The National Advisory Committee on Bioethics (NACB) has not met for over 40 months, this newspaper has been told.
The NACB’s most recent published document, Nudging in Public Health – An Ethical Framework, was released in April 2016. The committee examines topics upon the request of the Minister for Health. However, the NACB has not met since September 2015 and has not been provided with any new topics to assess. “There has been no change on this matter since the previous query,” a spokesperson for the NACB told the Medical Independent (MI), referring to a request for information in mid-2018. “No decision has been made regarding the next topic on the work programme for the NACB.”
This newspaper asked the Department whether issues such as advances in genetics and artificial intelligence may be the focus of the committee’s work in the near future. The spokesperson did not reply to this query.
In March 2012, the then Minister for Health Dr James Reilly established the NACB to advise “on the ethical and social implications of scientific developments in human medicine and healthcare”. The NACB has considered a number of issues and published opinion documents on topics including consent for blood transfusion, and detention of voluntary and involuntary patients in mental health facilities.
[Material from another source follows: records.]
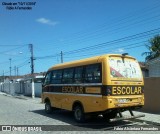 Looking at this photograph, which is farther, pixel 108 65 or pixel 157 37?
pixel 157 37

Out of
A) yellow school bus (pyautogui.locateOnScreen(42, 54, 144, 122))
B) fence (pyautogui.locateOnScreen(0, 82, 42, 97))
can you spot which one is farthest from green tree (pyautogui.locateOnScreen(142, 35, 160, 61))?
yellow school bus (pyautogui.locateOnScreen(42, 54, 144, 122))

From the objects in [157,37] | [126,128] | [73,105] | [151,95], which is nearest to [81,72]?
[73,105]

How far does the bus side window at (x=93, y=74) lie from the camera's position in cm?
1337

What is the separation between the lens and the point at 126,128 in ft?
41.4

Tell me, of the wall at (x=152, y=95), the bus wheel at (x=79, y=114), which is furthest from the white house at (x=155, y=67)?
the bus wheel at (x=79, y=114)

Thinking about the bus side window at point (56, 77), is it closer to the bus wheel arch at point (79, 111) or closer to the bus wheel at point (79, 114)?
the bus wheel arch at point (79, 111)

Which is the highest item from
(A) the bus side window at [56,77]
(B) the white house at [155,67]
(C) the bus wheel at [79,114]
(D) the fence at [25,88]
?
(B) the white house at [155,67]

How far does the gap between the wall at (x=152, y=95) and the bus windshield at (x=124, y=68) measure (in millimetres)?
2852

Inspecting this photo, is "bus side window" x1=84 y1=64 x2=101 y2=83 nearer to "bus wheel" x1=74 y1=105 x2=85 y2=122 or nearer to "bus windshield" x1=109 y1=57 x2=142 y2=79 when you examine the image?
"bus windshield" x1=109 y1=57 x2=142 y2=79

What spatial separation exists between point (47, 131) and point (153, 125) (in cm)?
419

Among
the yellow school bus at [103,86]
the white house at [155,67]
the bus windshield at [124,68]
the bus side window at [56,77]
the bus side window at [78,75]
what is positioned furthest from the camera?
the white house at [155,67]

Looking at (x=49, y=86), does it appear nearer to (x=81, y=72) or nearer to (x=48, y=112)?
(x=48, y=112)

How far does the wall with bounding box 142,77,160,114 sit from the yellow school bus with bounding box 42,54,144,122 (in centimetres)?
273

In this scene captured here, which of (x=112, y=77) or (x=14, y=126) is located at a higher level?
(x=112, y=77) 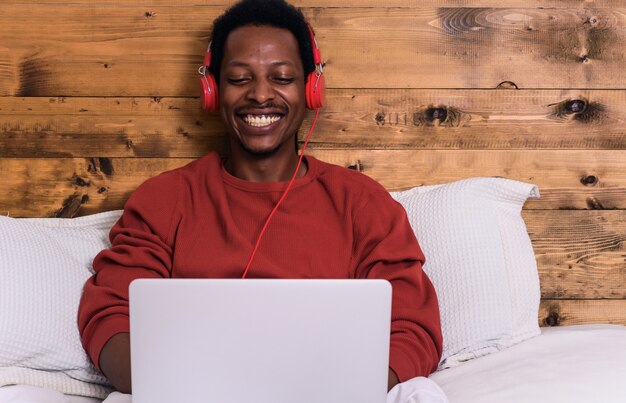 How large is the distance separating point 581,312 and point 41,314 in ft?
4.19

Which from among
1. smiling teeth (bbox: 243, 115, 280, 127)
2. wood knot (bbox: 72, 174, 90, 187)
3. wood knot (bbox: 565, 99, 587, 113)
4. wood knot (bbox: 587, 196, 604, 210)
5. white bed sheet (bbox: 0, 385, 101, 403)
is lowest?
white bed sheet (bbox: 0, 385, 101, 403)

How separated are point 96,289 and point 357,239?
530 millimetres

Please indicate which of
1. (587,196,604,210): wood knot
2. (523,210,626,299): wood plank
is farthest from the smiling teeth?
(587,196,604,210): wood knot

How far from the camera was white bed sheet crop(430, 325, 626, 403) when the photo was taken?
105 centimetres

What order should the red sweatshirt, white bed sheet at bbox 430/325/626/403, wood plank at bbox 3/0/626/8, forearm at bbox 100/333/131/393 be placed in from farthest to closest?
wood plank at bbox 3/0/626/8
the red sweatshirt
forearm at bbox 100/333/131/393
white bed sheet at bbox 430/325/626/403

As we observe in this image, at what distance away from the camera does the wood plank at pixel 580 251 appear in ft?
5.45

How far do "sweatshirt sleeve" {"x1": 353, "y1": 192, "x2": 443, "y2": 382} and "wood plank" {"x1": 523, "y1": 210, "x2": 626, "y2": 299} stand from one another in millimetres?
475

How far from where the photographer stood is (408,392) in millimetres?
Answer: 1022

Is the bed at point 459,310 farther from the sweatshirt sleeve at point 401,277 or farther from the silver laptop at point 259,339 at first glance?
the silver laptop at point 259,339

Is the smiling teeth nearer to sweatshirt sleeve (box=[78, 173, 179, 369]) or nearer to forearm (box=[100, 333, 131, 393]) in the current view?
sweatshirt sleeve (box=[78, 173, 179, 369])

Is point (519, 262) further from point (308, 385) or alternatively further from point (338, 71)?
point (308, 385)

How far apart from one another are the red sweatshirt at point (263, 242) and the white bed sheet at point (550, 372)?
91 mm

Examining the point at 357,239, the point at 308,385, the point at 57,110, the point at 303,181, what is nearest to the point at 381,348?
the point at 308,385

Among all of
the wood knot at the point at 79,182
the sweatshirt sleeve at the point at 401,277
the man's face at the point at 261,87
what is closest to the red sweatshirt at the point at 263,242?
the sweatshirt sleeve at the point at 401,277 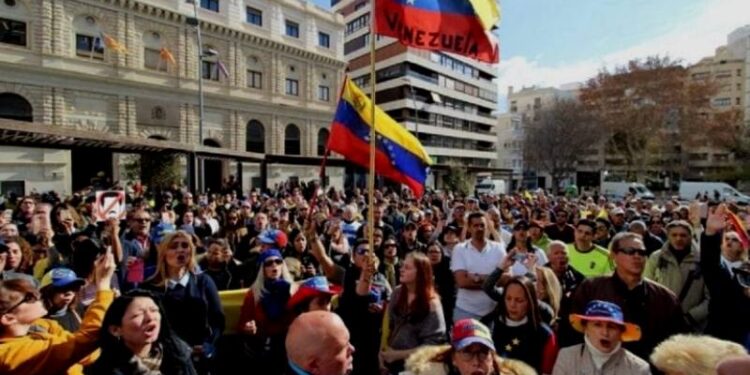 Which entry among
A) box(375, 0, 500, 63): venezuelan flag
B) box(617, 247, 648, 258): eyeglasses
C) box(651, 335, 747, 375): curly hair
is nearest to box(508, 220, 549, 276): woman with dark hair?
box(617, 247, 648, 258): eyeglasses

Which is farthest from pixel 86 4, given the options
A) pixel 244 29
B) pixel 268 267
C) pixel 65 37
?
pixel 268 267

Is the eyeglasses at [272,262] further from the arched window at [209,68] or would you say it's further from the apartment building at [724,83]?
the apartment building at [724,83]

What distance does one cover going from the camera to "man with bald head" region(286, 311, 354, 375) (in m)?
1.79

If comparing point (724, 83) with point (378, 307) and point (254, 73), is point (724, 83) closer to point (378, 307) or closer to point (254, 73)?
point (254, 73)

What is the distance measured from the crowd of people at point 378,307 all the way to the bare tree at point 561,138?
4815cm

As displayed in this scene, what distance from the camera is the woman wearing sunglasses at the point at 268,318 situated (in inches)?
147

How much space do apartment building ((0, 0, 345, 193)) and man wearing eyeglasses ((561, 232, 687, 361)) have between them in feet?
70.9

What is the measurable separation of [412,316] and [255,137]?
35.9 meters

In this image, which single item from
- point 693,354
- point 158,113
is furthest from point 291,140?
point 693,354

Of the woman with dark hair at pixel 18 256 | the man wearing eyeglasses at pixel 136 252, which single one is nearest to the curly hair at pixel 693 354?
the man wearing eyeglasses at pixel 136 252

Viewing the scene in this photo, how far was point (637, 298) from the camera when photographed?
3334 millimetres

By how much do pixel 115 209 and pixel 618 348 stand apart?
6.21 m

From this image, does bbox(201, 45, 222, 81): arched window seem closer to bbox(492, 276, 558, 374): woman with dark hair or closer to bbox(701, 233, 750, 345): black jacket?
bbox(492, 276, 558, 374): woman with dark hair

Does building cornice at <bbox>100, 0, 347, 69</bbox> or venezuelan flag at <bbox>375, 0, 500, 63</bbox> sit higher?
building cornice at <bbox>100, 0, 347, 69</bbox> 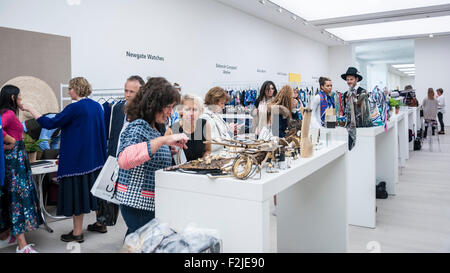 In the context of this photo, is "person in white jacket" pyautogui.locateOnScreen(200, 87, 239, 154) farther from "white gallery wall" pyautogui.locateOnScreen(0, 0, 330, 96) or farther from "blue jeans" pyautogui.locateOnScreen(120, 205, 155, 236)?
"white gallery wall" pyautogui.locateOnScreen(0, 0, 330, 96)

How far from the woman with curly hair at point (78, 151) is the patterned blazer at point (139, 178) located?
Result: 1903 millimetres

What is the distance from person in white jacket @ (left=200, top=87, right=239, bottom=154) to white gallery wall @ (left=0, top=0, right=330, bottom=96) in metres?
2.60

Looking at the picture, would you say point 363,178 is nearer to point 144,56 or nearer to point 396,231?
point 396,231

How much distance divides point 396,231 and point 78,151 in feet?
11.2

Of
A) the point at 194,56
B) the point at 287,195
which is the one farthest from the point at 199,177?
the point at 194,56

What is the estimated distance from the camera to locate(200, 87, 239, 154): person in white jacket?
3.03m

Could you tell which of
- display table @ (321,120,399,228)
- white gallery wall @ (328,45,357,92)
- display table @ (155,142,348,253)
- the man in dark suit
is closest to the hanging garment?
display table @ (321,120,399,228)

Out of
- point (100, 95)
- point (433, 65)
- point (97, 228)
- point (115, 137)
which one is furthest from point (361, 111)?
point (433, 65)

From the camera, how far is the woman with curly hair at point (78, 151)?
11.7 ft

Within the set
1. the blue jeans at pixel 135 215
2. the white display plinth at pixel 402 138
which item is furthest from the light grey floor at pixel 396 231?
the white display plinth at pixel 402 138

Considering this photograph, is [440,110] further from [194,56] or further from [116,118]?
[116,118]

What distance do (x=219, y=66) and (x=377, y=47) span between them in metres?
12.3

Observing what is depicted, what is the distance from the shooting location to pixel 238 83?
8.96 metres

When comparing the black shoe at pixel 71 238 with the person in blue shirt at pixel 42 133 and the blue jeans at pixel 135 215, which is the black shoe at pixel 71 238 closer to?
the person in blue shirt at pixel 42 133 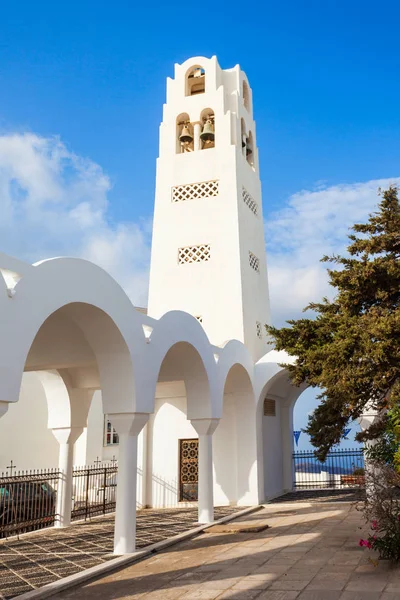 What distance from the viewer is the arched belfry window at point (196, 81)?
17969mm

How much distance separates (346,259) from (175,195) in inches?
268

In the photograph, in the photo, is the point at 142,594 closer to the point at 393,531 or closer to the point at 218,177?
the point at 393,531

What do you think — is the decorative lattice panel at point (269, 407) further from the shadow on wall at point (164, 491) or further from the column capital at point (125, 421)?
the column capital at point (125, 421)

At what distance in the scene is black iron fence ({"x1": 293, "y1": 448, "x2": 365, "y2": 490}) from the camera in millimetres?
19016

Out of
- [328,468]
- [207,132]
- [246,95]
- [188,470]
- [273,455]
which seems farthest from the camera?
[328,468]

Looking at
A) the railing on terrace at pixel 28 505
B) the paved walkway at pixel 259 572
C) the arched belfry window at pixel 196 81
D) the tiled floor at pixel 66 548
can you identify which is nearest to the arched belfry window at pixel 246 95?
the arched belfry window at pixel 196 81

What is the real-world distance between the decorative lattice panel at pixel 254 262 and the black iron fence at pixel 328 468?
6.39 meters

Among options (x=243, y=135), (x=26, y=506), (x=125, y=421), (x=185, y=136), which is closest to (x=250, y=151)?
(x=243, y=135)

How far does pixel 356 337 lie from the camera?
10359mm

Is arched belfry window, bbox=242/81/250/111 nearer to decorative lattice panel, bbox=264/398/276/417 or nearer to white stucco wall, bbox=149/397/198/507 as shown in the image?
decorative lattice panel, bbox=264/398/276/417

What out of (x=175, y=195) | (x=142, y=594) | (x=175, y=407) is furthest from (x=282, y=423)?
(x=142, y=594)

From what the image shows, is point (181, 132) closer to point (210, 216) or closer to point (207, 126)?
point (207, 126)

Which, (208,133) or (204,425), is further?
(208,133)

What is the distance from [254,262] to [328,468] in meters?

According to the section on the NACB on the Department’s website, “bioethics serves as an important tool for making decisions about the direction and governance of science and medicine. It plays another valuable role in that it anticipates future questions of concern, encourages awareness about them and stimulates debate within all sections of society.”
Last year, the NACB’s Chair Prof Andrew Green, Professor of Medical Genetics at University College Dublin, informed MI it was still “available to provide bioethical advice to the Minister on any bioethical issues which he wishes the committee to consider”.
A number of experts in the field of bioethics have previously told MI there is no adequate public policy and medical forum to debate and discuss bioethical challenges since the dissolution of the Irish Council for Bioethics in late 2010.